### Work order
Take the entries below and reproduce exactly the portion that begins at the line containing "asian male engineer" and ends at the line containing "Diseño de patio", keeping both ends, dropping pictures, and adding nothing else.

### Supplied records

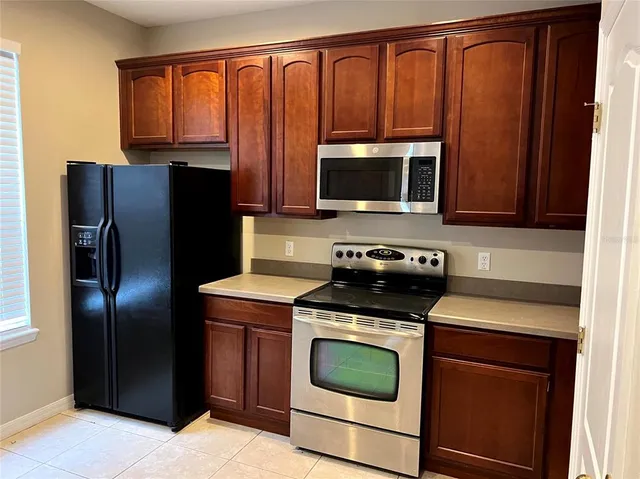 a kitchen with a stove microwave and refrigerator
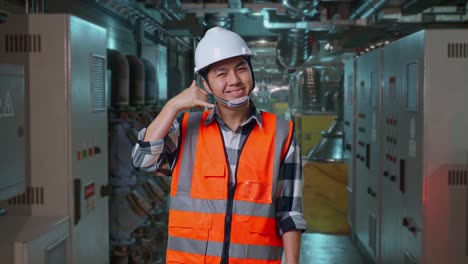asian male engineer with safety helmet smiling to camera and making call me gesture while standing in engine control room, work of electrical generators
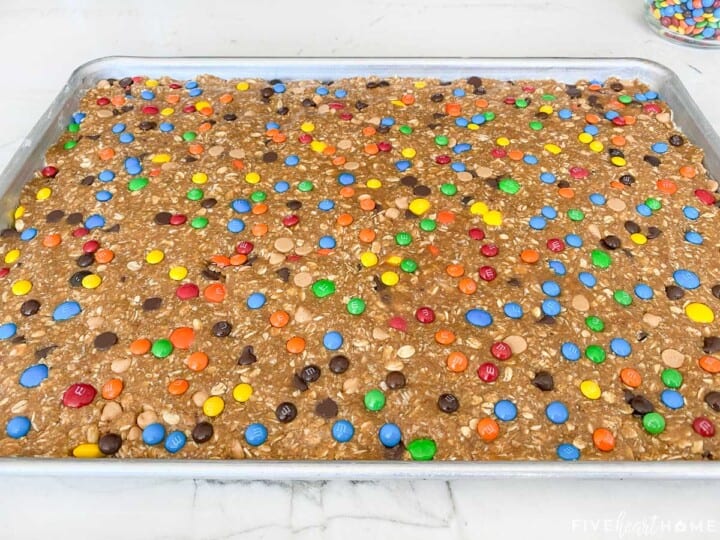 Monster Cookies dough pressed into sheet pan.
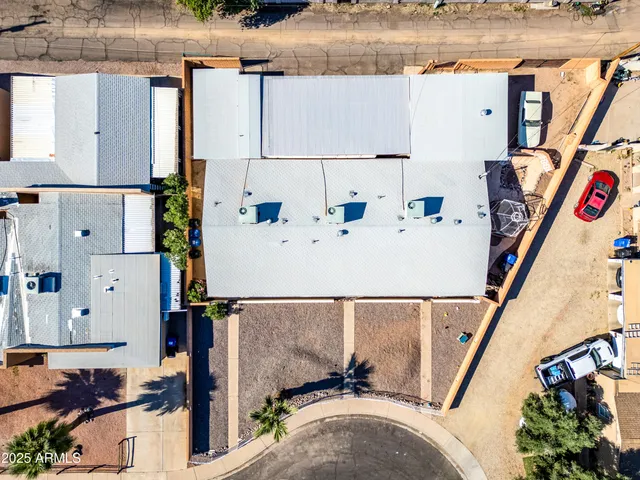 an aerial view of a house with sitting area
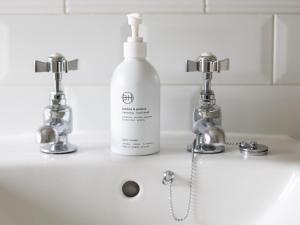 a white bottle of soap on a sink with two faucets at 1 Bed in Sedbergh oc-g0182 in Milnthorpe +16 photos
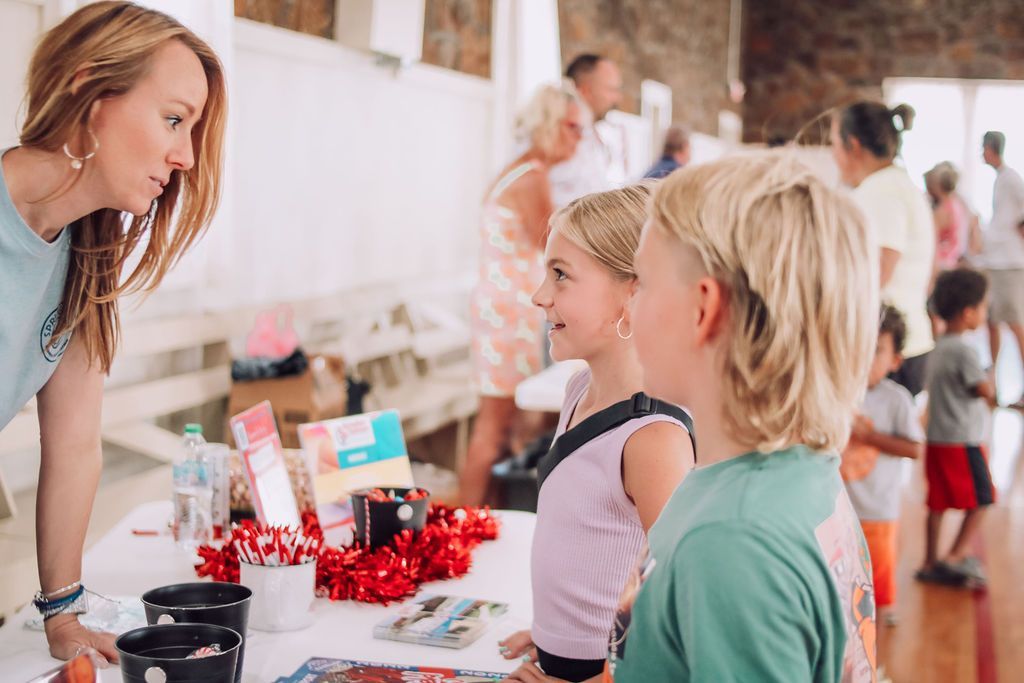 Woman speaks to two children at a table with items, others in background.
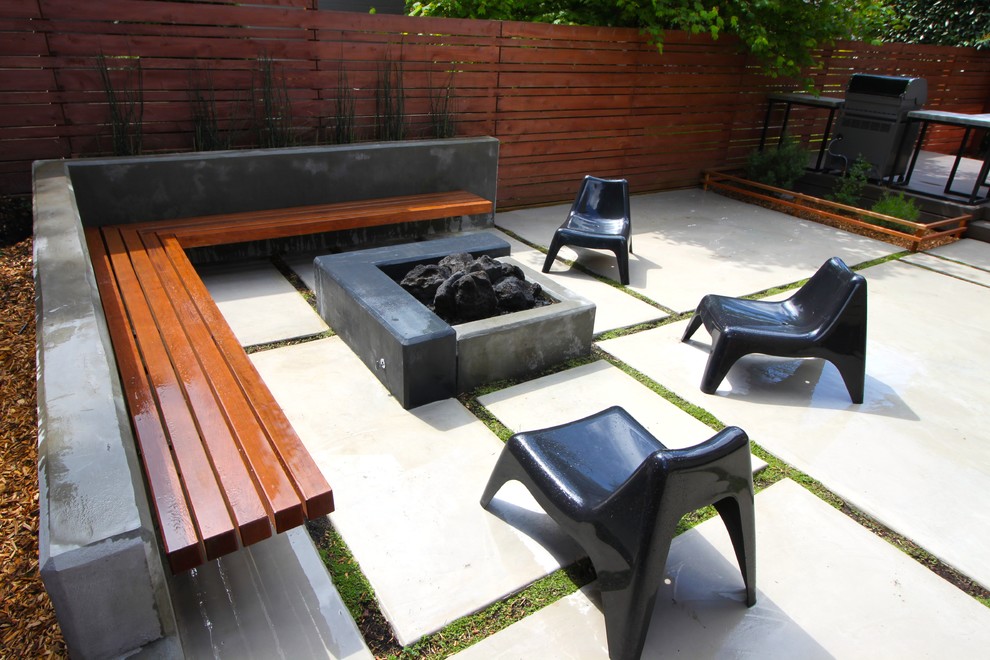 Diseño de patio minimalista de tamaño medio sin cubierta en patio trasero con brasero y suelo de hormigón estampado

--

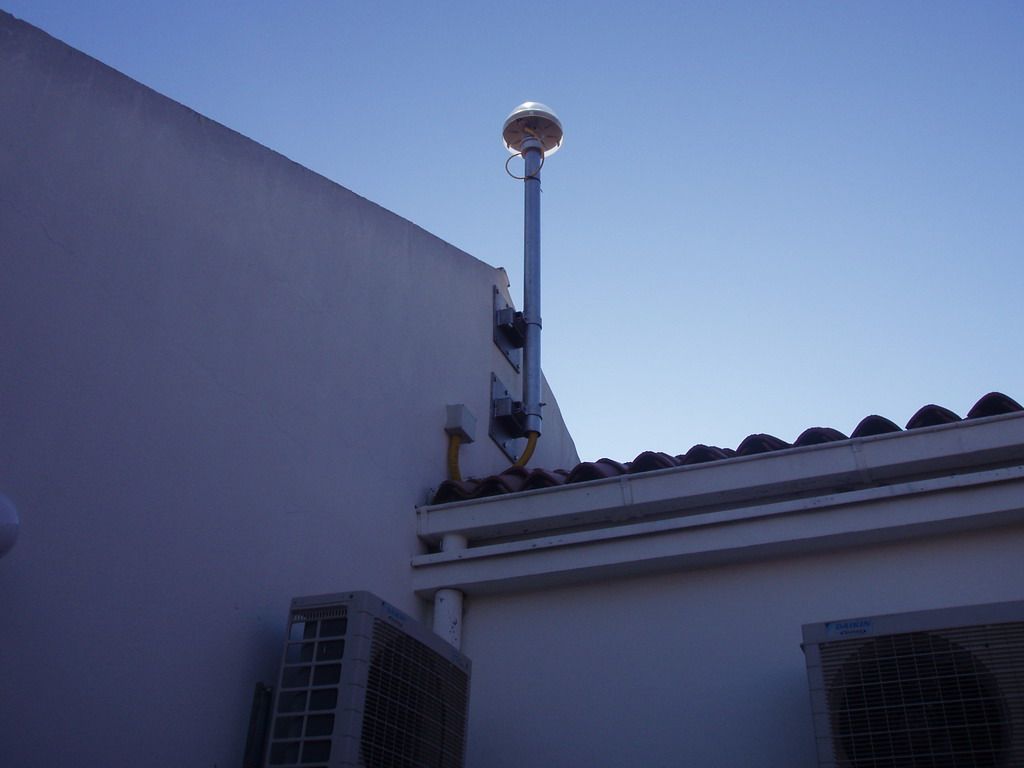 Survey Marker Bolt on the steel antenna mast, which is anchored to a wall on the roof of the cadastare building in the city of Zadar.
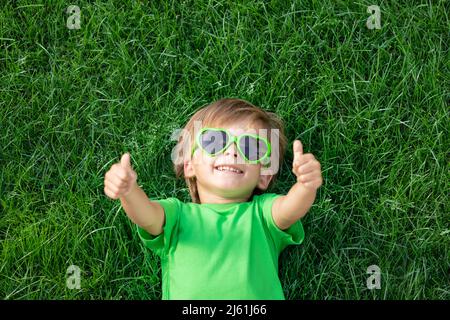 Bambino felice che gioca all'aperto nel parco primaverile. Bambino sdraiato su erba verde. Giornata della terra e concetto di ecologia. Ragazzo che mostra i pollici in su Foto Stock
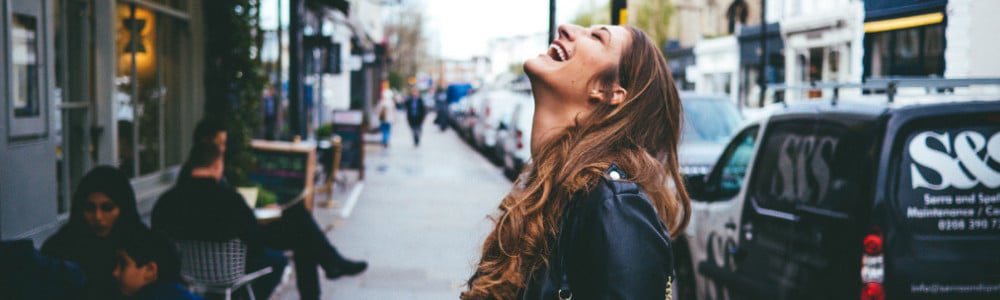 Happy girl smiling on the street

### Written response
asian male engineer with safety helmet smiling to camera and making call me gesture while standing in engine control room, work of electrical generators
 Monster Cookies dough pressed into sheet pan.
 an aerial view of a house with sitting area
 a white bottle of soap on a sink with two faucets at 1 Bed in Sedbergh oc-g0182 in Milnthorpe +16 photos
 Woman speaks to two children at a table with items, others in background.
 Diseño de patio minimalista de tamaño medio sin cubierta en patio trasero con brasero y suelo de hormigón estampado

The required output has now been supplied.